Practical Experiences to Help Young Worship Leaders Grow

No worship leader ever stops growing. If they do, they’re in trouble. There’s always more to learn, more to understand, and more experiences to have. Likewise, no worship leader becomes “seasoned” overnight. If they expect to, they’re in trouble.

But if you’re a young worship leader and just starting out, and you want to grow as a worship leader, there are some crucially important experiences you have to have.

Here’s a list of 13 of them, in no particular order of importance. They’re all important.

1. Retreats
Lead worship for 3 or 4 retreats and you’ll realize that they require an incredible amount of planning, coordination, logistics arranging, and flexibility, and leave you utterly exhausted. You need to get good at leading worship on retreats and remember to bring your own pillow.

2. Weekly leadership
It’s one thing to lead worship on an occasional basis, and this is a good place to start. But the next step is finding an opportunity to lead a regular congregation on a regular basis with a regular worship team of some sort. It’s a roller coaster of ups and downs that you need to learn how to ride. Sometimes you’ll feel sick, but it’s actually a lot of fun.

3. Weddings and funerals
There are no do-overs when it comes to weddings and funerals. These are profoundly emotional, high-stakes, memorable, photographed, and meaningful services. You will mess up at them for sure, but you better make sure they’re small mess ups or there will be people who remember you for the rest of their lives (and not in a good way).

5. Fill-in
Serving as a guest-worship leader for a church that isn’t yours, with musicians you’re unaccustomed to working with, and using a repertoire you haven’t built is disorienting and a lot of work. Learn how to listen to what they need, serve them with humility, and come back to your home church more grateful for the blessings you don’t appreciate like that nice gentleman who always makes fun of your pants.

6. Small group
It requires much more sensitivity and pastoral skill to lead worship for 10 people than it does for 1,000. Don’t underestimate the life-long difference that leading worship in someone’s living room can make to your worship leading skills, especially when you’re interrupted by a screaming baby.

7. Big group
You can get away with things in a small group that you can’t get away with in front of a big group (200 or more people). Leading worship for a large number of people requires you to muster up a level of planning, preparation, and leadership authority that will seem impossible at first but will begin to feel natural the more you do it.

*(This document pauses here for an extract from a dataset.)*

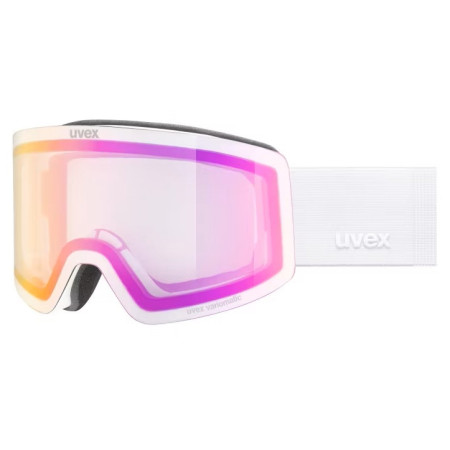 Uvex Provoqe V síszemüveg fehér WHITE MATT DL/PINK-CLEAR S0-2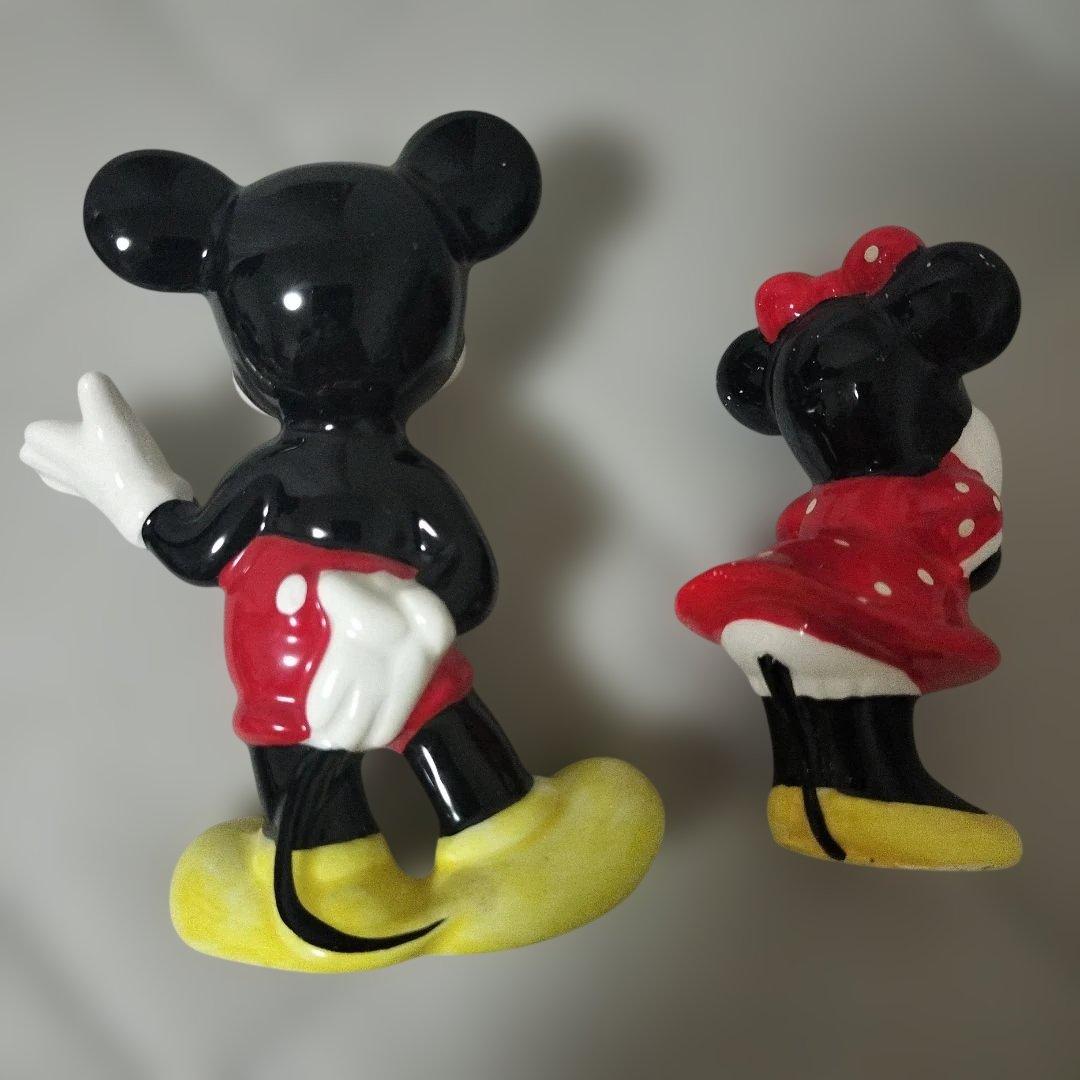 ビンテージ◾️ミッキーマウス＆ミニーマウス 陶器人形 セラミックフィギュア — image 2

8. Christmas Eve and Easter
Mature worship leaders learn, through years of trial and error, how best to carry the burden of planning music for the two biggest-deal services of the year, in a way that doesn’t totally consume their lives (or their volunteers’), provides their congregation with a genuine encounter with God, and includes everyone’s favorite songs and ensures no complaints (I’m joking).

9. On-the-side services
Occasional healing services, vow renewals, baby dedications, church staff meetings, Veterans’ Day services, and any other service that requires a time of singing that isn’t on Sunday morning, will cause you think outside the box and factor in a whole different slew of things while planning a time of worship that will engage people.

10. Kids
When adults aren’t engaged in worship they’ll stand there like a robot. When kids aren’t engaged in worship they’ll get really loud and ask their mom for a snack or jump on their friend’s back and try to tackle him. Learning how to lead kids in worship will prepare you for the grumpiest of all adults.

11. Elderly
The older generation isn’t looking to be impressed. They would like to actually be able to sing along with you, hopefully something true, meaningful, and familiar.

12. Hostile
My experience as a teenager leading worship for a congregation in which one-half of the room would stand while the other half would remain seated with their arms folded, while staring at me angrily, was the most valuable worship leading experience I ever had. Leading worship for hostile groups will force you to grow in dependence on God, and confidence in who he’s gifted you to be.

13. Meetings
This has nothing to do with playing an instrument or singing. It has to do with the fact that if you’re a worship leader, you need to learn how to run a good meeting. Have an agenda, move things along, get results, and adjourn it before it goes too long and people start throwing things. This will serve you for the rest of your life, and help you run good rehearsals as well.